_Work instructions_: Write out every record in full, keeping each character exactly as it is.

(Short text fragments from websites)
######

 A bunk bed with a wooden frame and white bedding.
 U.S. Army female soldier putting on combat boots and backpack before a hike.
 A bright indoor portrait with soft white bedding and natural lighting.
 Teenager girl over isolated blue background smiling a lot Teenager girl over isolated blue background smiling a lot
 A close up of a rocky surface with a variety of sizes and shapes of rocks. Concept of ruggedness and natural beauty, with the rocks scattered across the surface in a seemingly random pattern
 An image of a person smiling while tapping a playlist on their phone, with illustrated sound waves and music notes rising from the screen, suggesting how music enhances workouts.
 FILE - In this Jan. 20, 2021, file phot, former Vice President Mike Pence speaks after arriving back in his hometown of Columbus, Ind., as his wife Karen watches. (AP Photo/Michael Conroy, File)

######

_Your solution_:
 A bunk bed with a wooden frame and white bedding.
 U.S. Army female soldier putting on combat boots and backpack before a hike.
 A bright indoor portrait with soft white bedding and natural lighting.
 Teenager girl over isolated blue background smiling a lot Teenager girl over isolated blue background smiling a lot
 A close up of a rocky surface with a variety of sizes and shapes of rocks. Concept of ruggedness and natural beauty, with the rocks scattered across the surface in a seemingly random pattern
 An image of a person smiling while tapping a playlist on their phone, with illustrated sound waves and music notes rising from the screen, suggesting how music enhances workouts.
 FILE - In this Jan. 20, 2021, file phot, former Vice President Mike Pence speaks after arriving back in his hometown of Columbus, Ind., as his wife Karen watches. (AP Photo/Michael Conroy, File)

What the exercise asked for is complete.